### [PROBLEM DESCRIPTION]
If an entry contains a picture, omit that picture and transcribe everything else exactly.

### [DATA EXTRACT]
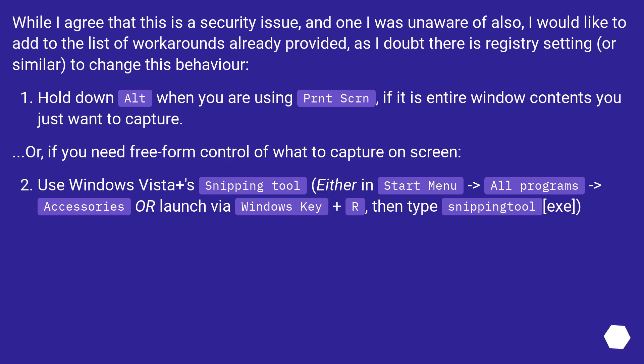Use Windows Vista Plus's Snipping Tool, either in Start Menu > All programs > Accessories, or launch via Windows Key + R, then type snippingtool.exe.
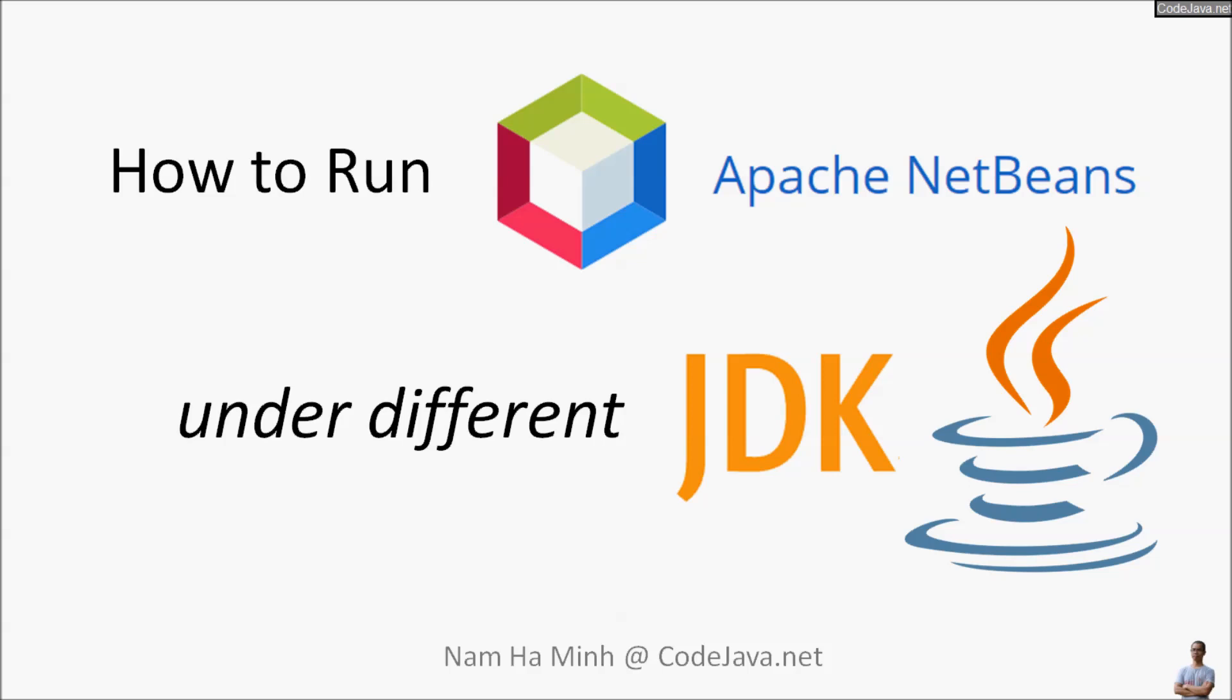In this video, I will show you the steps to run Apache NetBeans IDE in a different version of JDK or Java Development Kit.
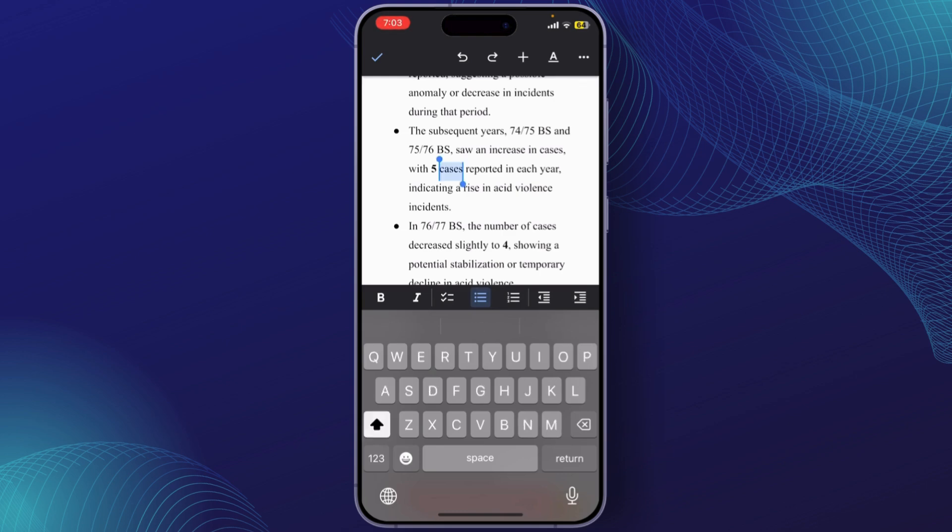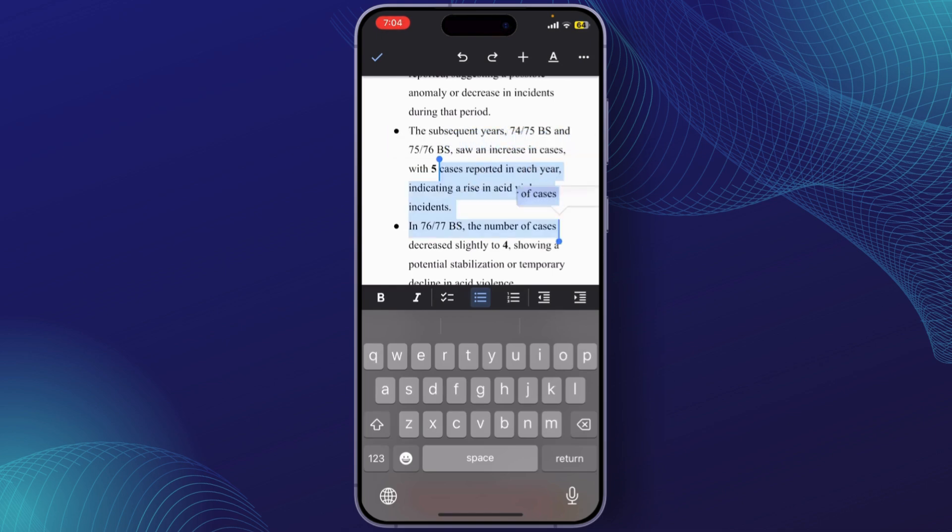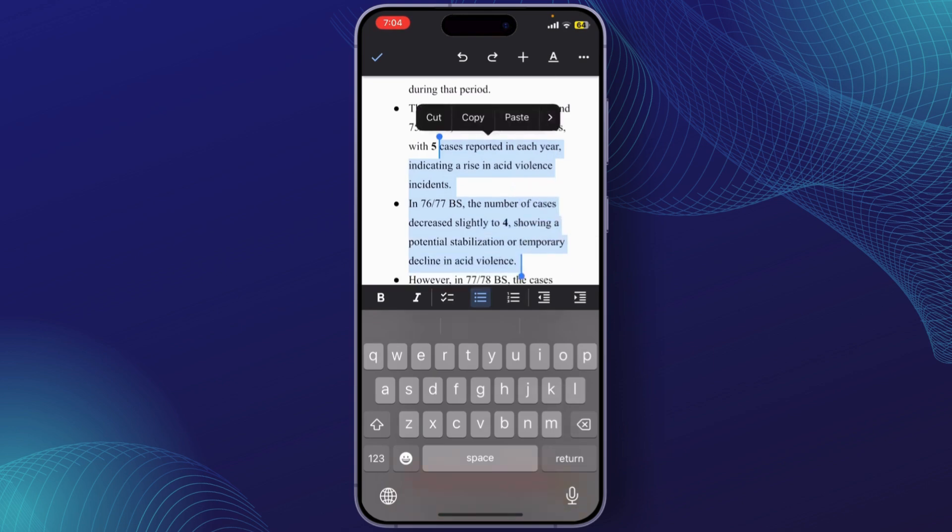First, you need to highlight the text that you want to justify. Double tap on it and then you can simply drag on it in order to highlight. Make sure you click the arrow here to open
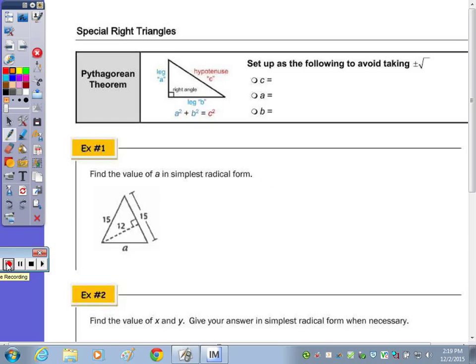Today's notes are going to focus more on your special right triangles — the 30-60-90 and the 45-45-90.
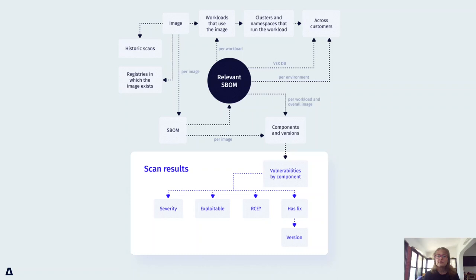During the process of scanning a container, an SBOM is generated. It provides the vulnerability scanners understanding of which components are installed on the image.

### [WRITTEN ANSWER]
Use Windows Vista Plus's Snipping Tool, either in Start Menu > All programs > Accessories, or launch via Windows Key + R, then type snippingtool.exe.
In this video, I will show you the steps to run Apache NetBeans IDE in a different version of JDK or Java Development Kit.
First, you need to highlight the text that you want to justify. Double tap on it and then you can simply drag on it in order to highlight. Make sure you click the arrow here to open
Today's notes are going to focus more on your special right triangles — the 30-60-90 and the 45-45-90.
During the process of scanning a container, an SBOM is generated. It provides the vulnerability scanners understanding of which components are installed on the image.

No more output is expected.